J'avais visité les États-Unis pour la première fois en 1898, et avant 1914 j'y étais retourné trois fois. Entre les deux guerres j'ai traversé sept fois l'Atlantique, et quatre fois encore depuis 1945. C'est en m'appuyant sur les observations et les impressions issues de ce contact que j'essaie, après un quart de siècle, ce tableau d'un pays qui, plus que tout autre, doit nous intéresser.
Trois points de vue essentiels m'ont guidé au cours de ce travail. Je crois que, pour comprendre l'Amérique d'après 1914, il faut les avoir constamment dans l'esprit.
Après la grande dépression de 1929 à 1941 et le New Deal de Roosevelt, après la seconde guerre mondiale, le pays ne peut plus être ce qu'il était antérieurement : de pareils événements labourent le sol trop profondément. Mais ne méconnaissons pas que, par ses conséquences, la grande dépression est probablement aussi importante que la guerre.
En dépit de relations plus étroites, les différences entre l'Europe et l'Amérique s'accroissent : l'Amérique est plus américaine qu'elle ne l'était autrefois, quand elle était encore fille de l'Europe, à peine parvenue à sa majorité. C'est d'un point de vue continental, plus que national, qu'il faut envisager cette opposition : les problèmes des États-Unis se comprennent mieux ainsi.

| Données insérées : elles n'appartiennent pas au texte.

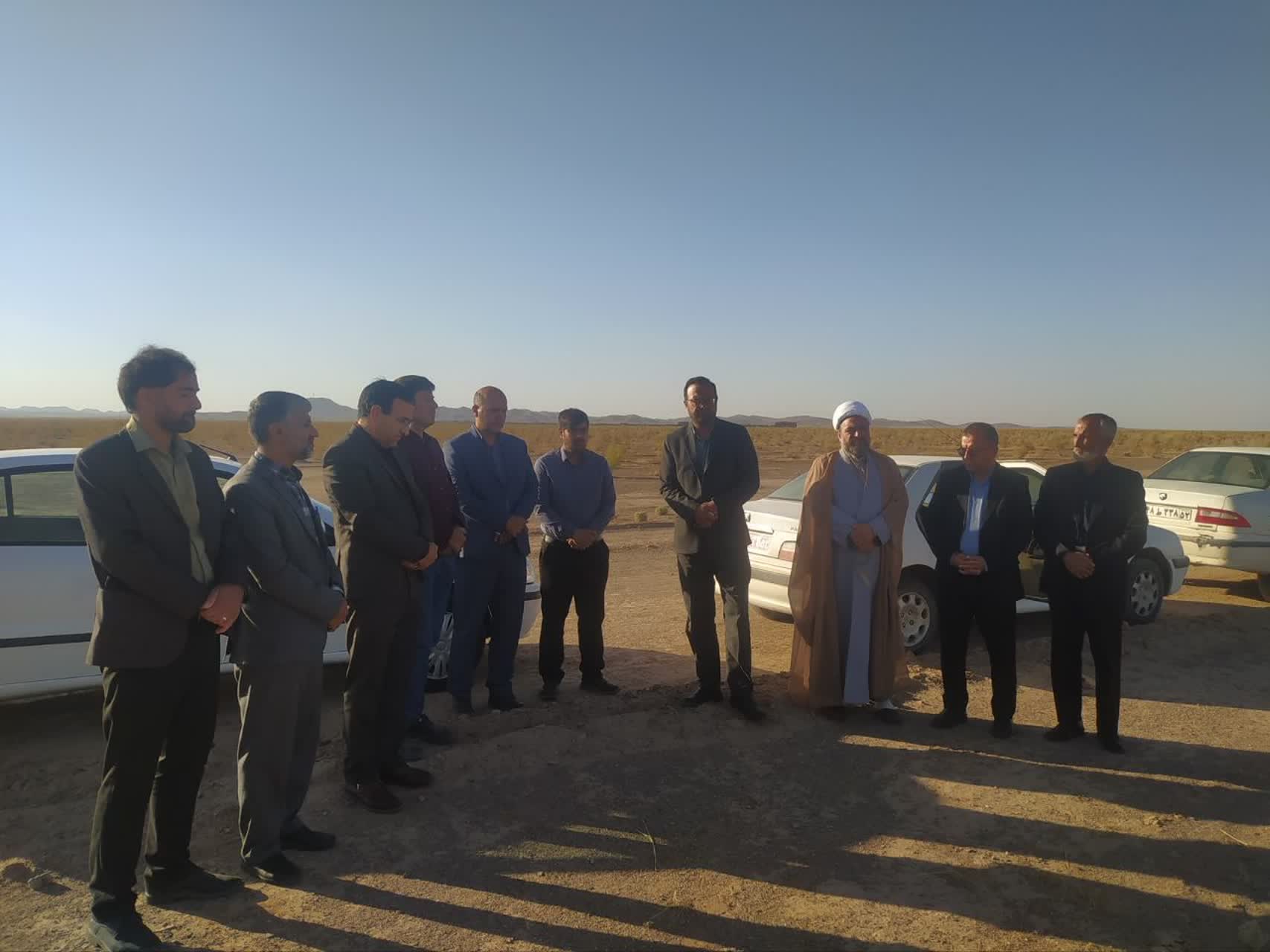بازدید فرماندار شهرستان سرایان از زمین شهرک حمل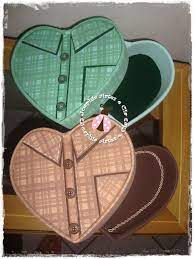 Puedes regalarle directamente esta cajita o bien utilizarla como un envoltorio creativo dónde. Preciosa Caja Corazon Para Papa Hacer Cajas De Regalo Manualidades Para Papa Cajas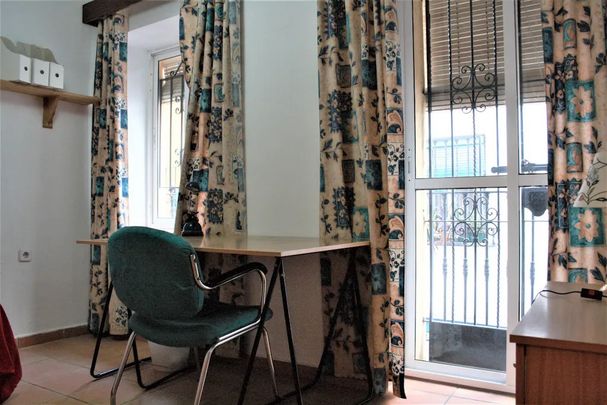 Calle Vidrio, Sevilla, Andalusia 41003 - Photo 1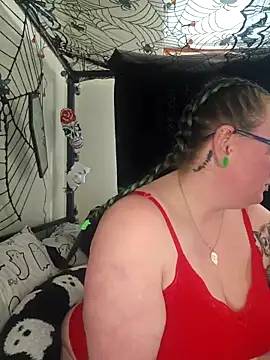 Snapshot of Bunny_Cummings chatting on 22, 10, 2025 Bunny Cummings online show from 22, 10, 2025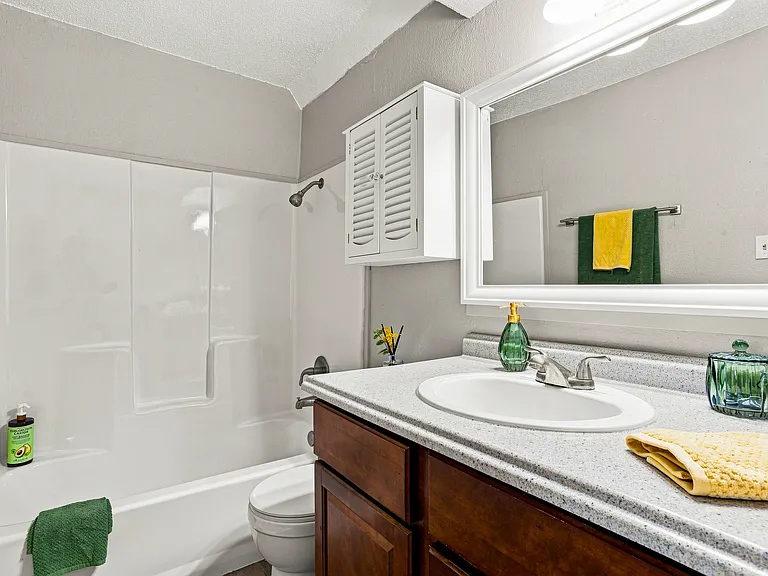 121 Allencrest Dr #123 — Photo 14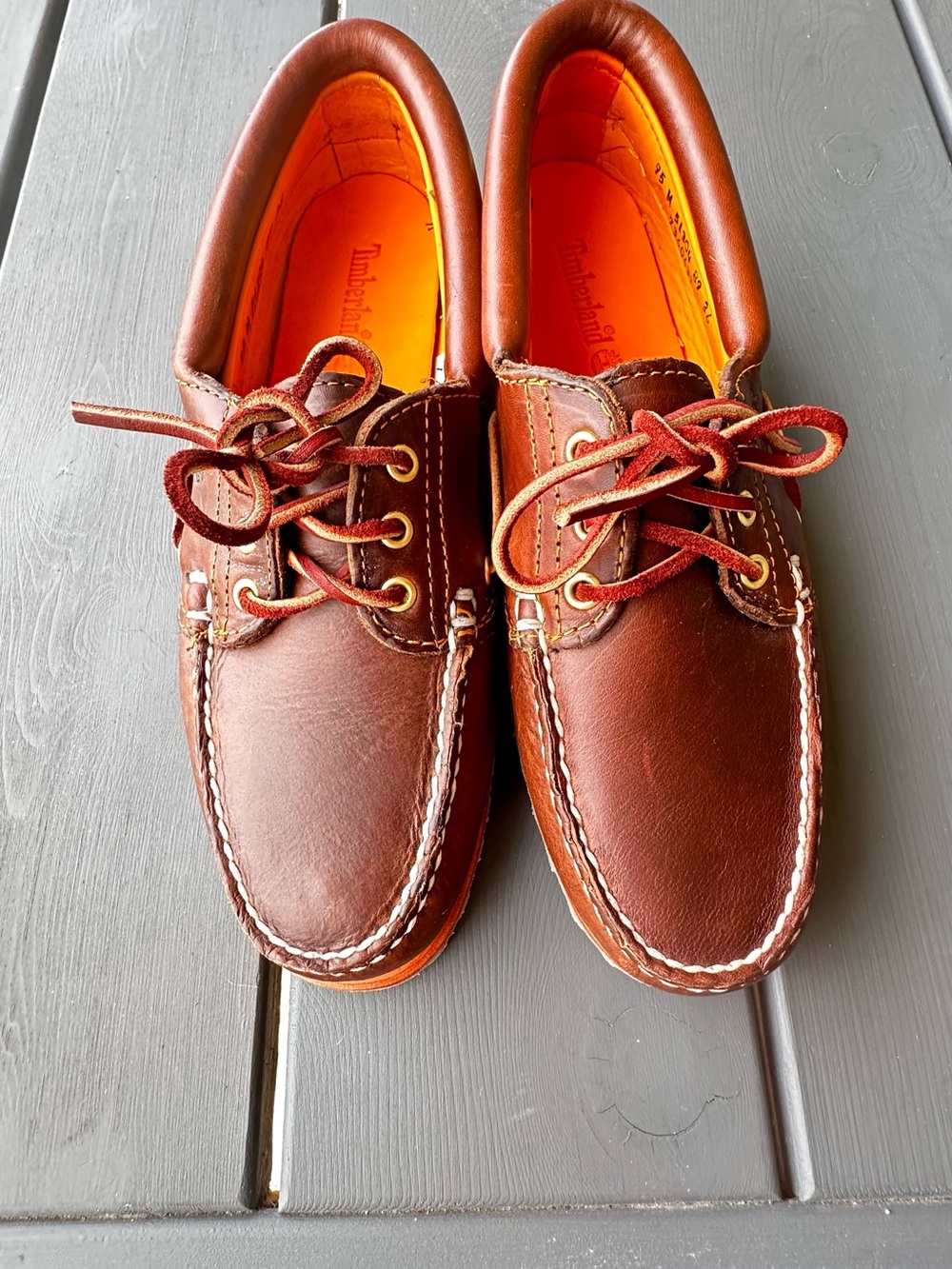 Timberland Authentics 3-Eye Boat Shoe women. Size 9.5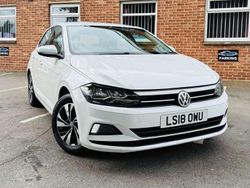 White Used 2018 VW Polo SE Hatchback | £9,920 (Fair price)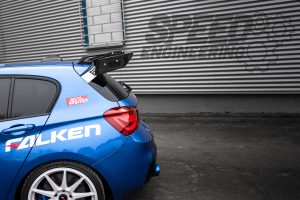 SPEED Swan Neck Wing passend für BMW F20/F21 mit Teilegutachten – Bild 6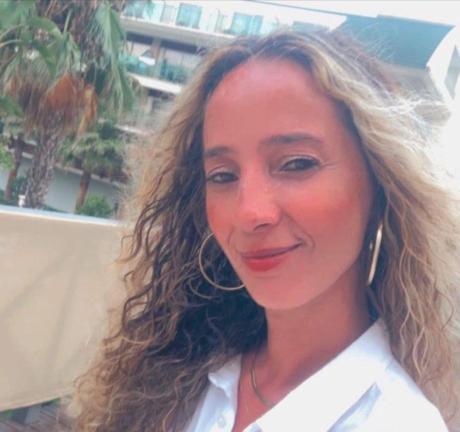 Yaya geçidinde otomobilin çarptığı kadın, 13 günlük yaşam mücadelesini kaybetti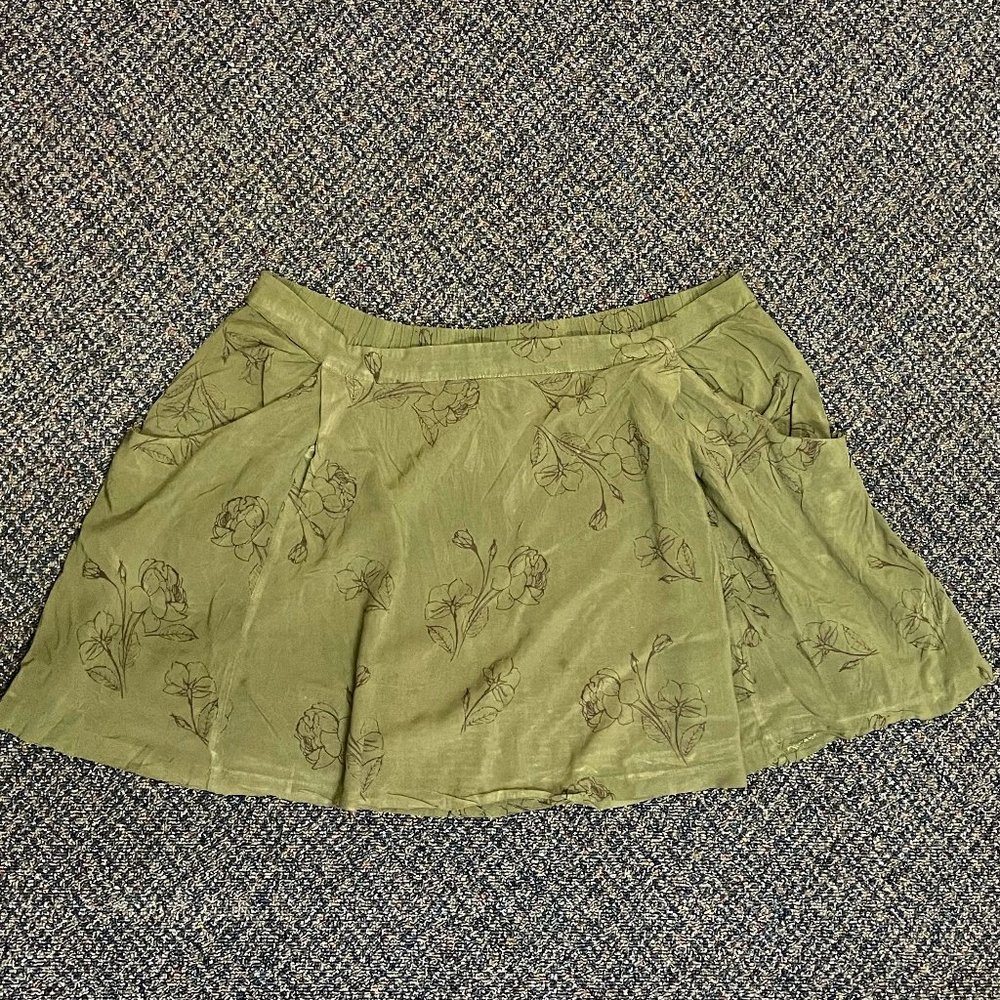 Old Navy Floral Skirt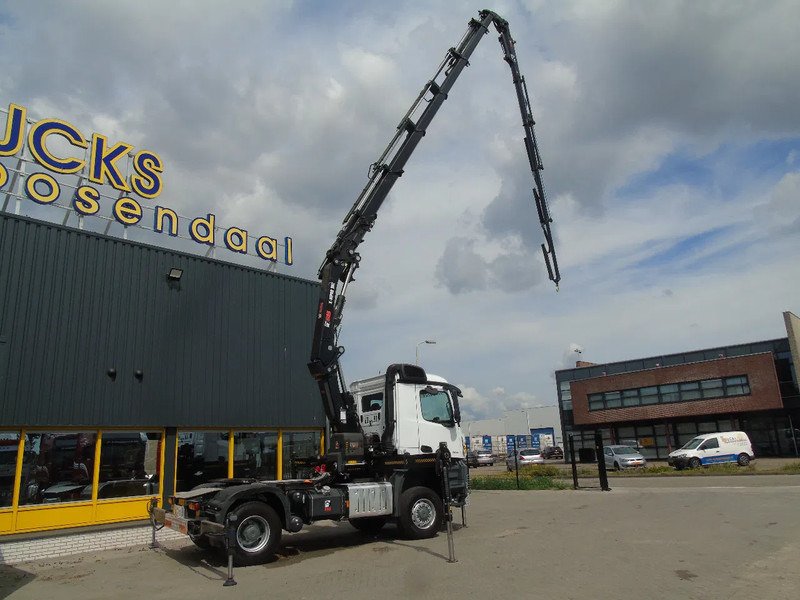 Mercedes-Benz Arocs 2051 + 4X4 + HIAB 302 E6 / JIB 70 X 4 + 10 EXTENTSIONS (512hours) - Tractor: foto 4 Mercedes-Benz Arocs 2051 + 4X4 + HIAB 302 E6 / JIB 70 X 4 + 10 EXTENTSIONS (512hours) - Tractor: foto 4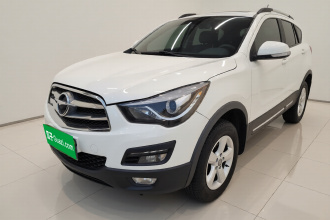 海马S5 2015款 1.6L 手动豪华型天窗版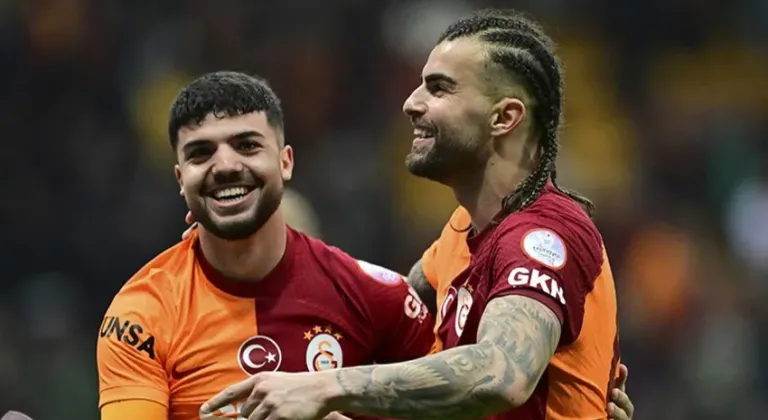 Galatasaraylı futbolcu taraftardan özür diledi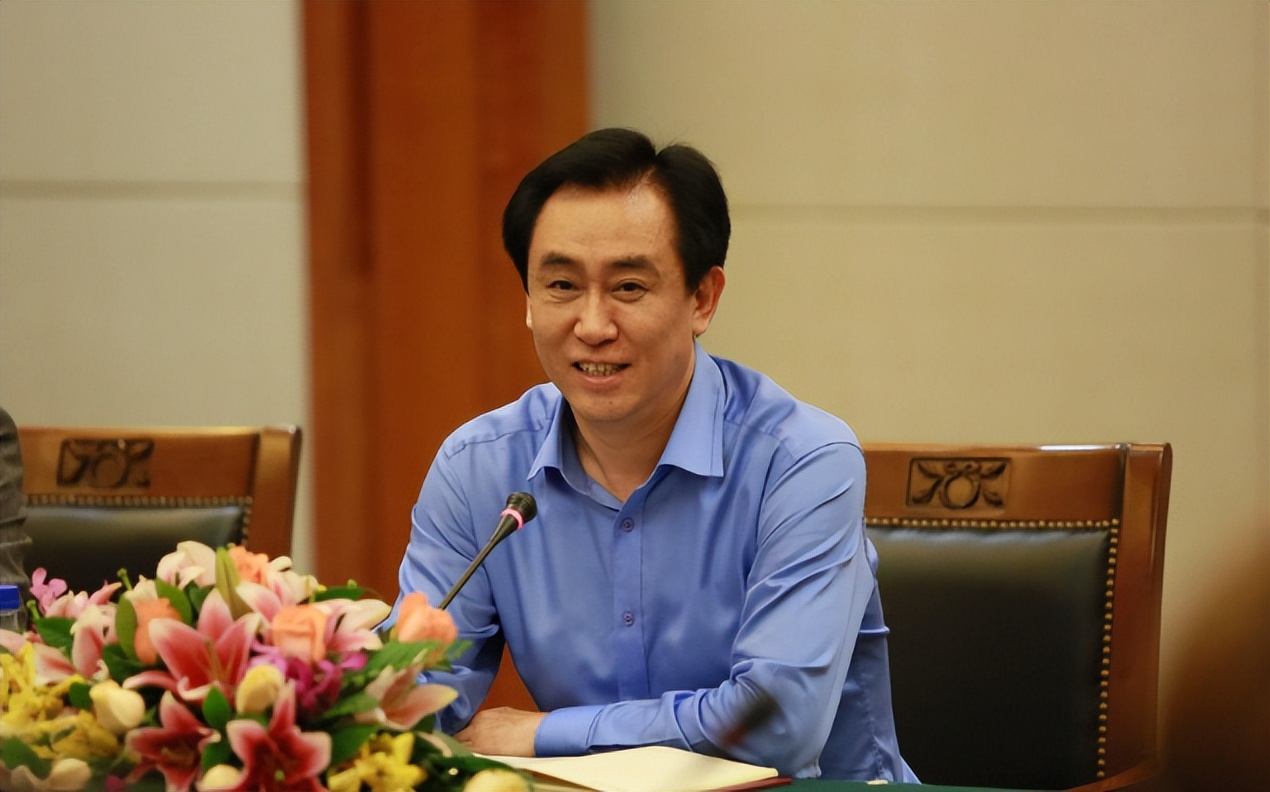 许家印第一代地产首富,许家印草根变富豪度过三次危机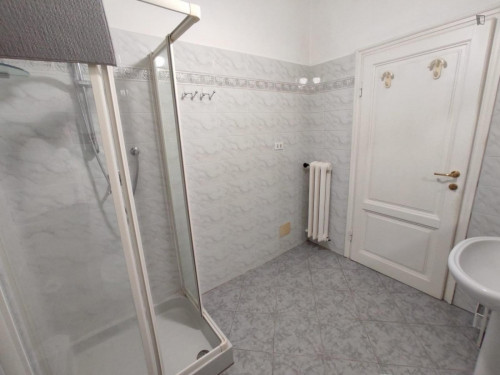 Bed in a twin bedroom, near Firenze Campo Marte train station - Gallery - 13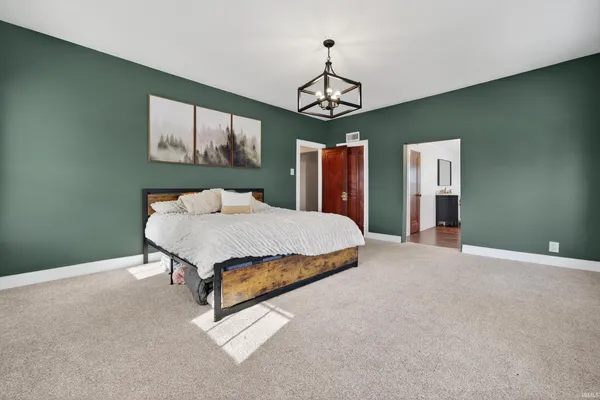 $424,900 | 8010 West County Road 400 North, Royal Center, IN 46978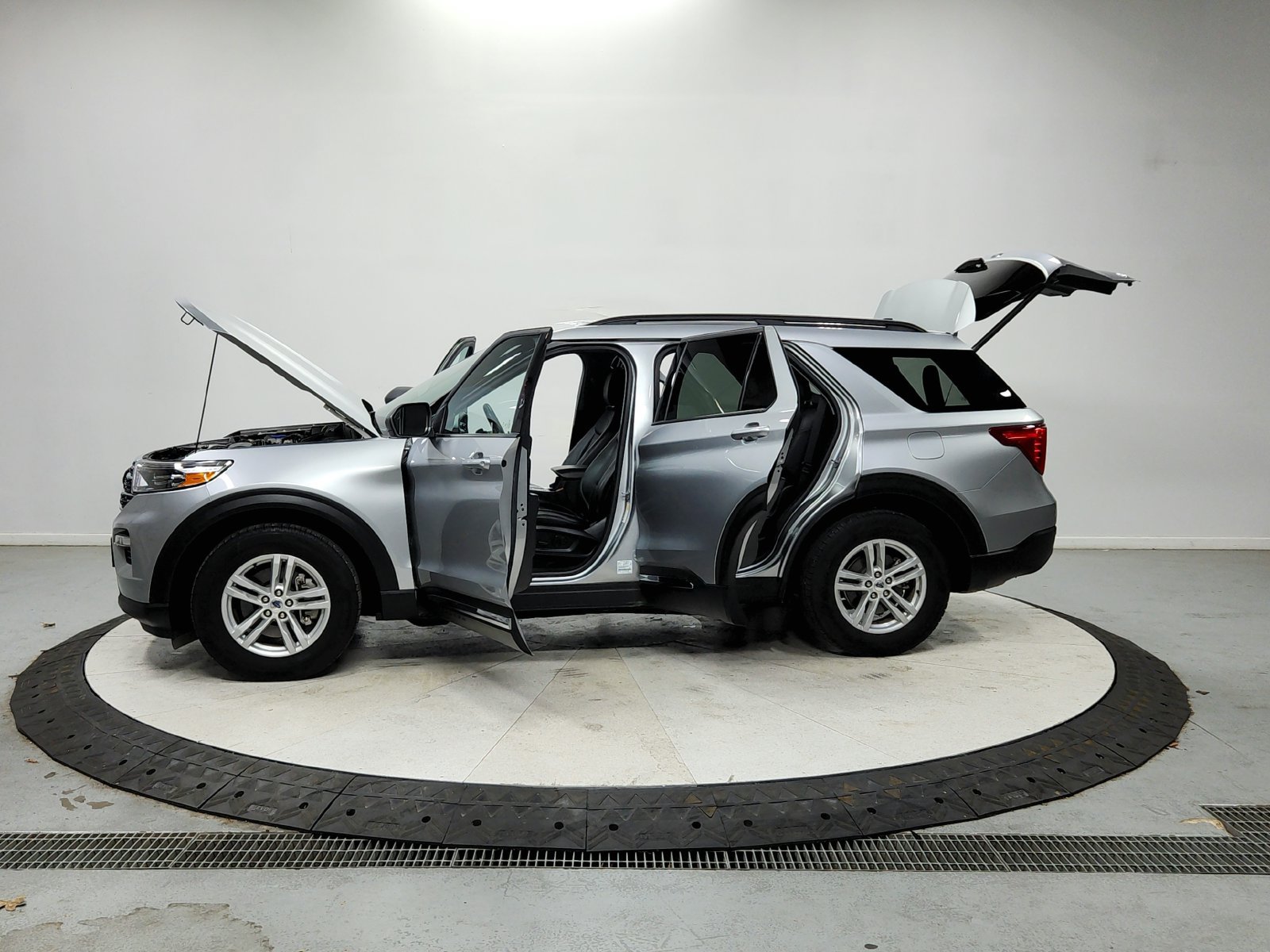 Used 2023 Ford Explorer XLT w/ Equipment Group 202A RWD image 13
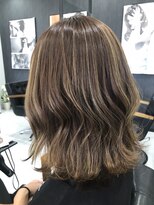 ディティール(Detail)&nbsp;自然な毛流れ×シークレットハイライトカラー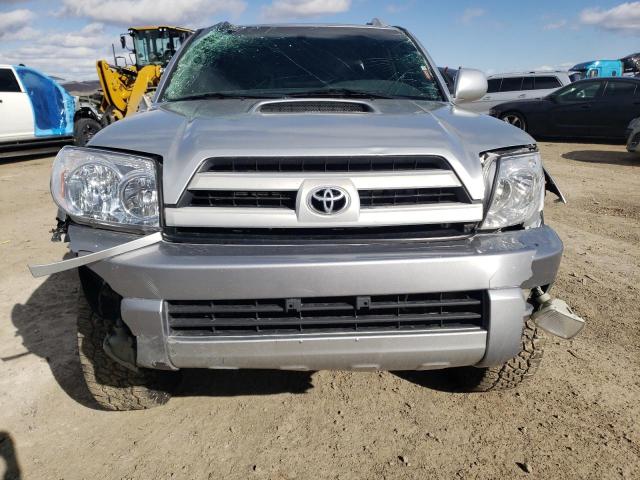 Photo 5 from auction – 2005 TOYOTA 4RUNNER SR with VIN JTEBU14R458033504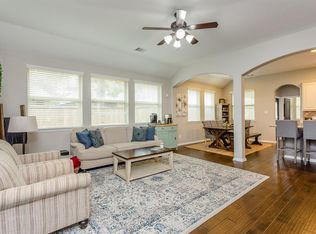 54 W Wolf Cabin Ct, Spring, TX 77389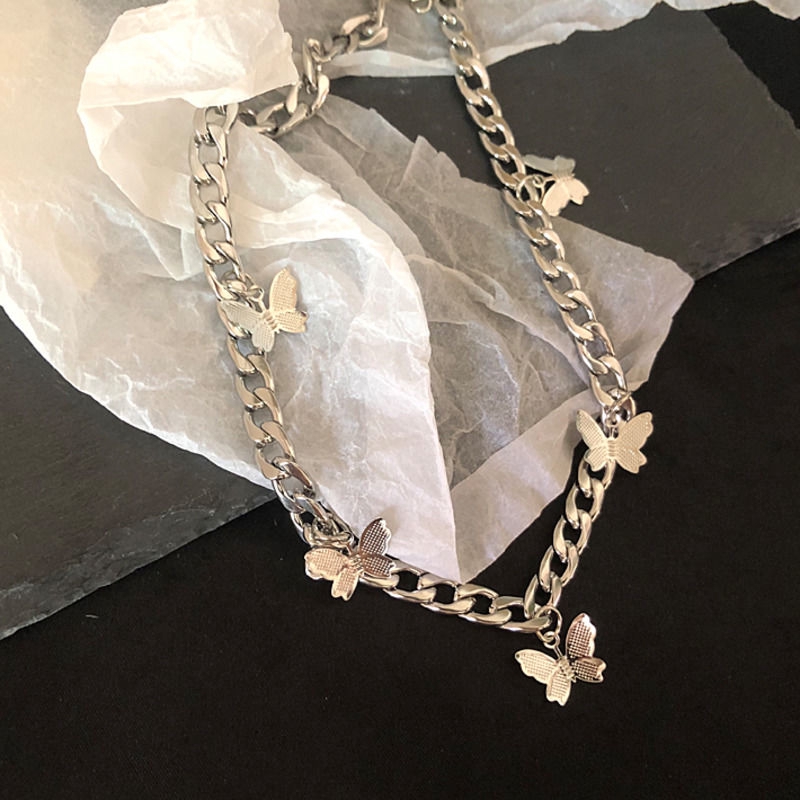 Vòng cổ choker ngắn bằng thép titan mặt hình bướm nhỏ ba chiều 22388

En considérant la question sous cet angle, on s'aperçoit que ce que l'on a étudié c'est moins un pays qu'une civilisation. [p. 2] Dans cet occident auquel nous appartenons les uns et les autres, une civilisation américaine se distingue de plus en plus de notre traditionnelle civilisation européenne et, comme elle prend le dessus, c'est toute la destinée du monde qui s'en ressent.
Les jugements ne peuvent être les mêmes si, parlant des États-Unis, on se place du point de vue américain ou du point de vue européen. C'est du point de vue européen que je me suis placé. D'où telles impressions dans lesquelles on aurait tort de voir une critique : elles sont simplement le signe que, sur la grande voie du destin occidental, les États-Unis évoluent plus vite que nous.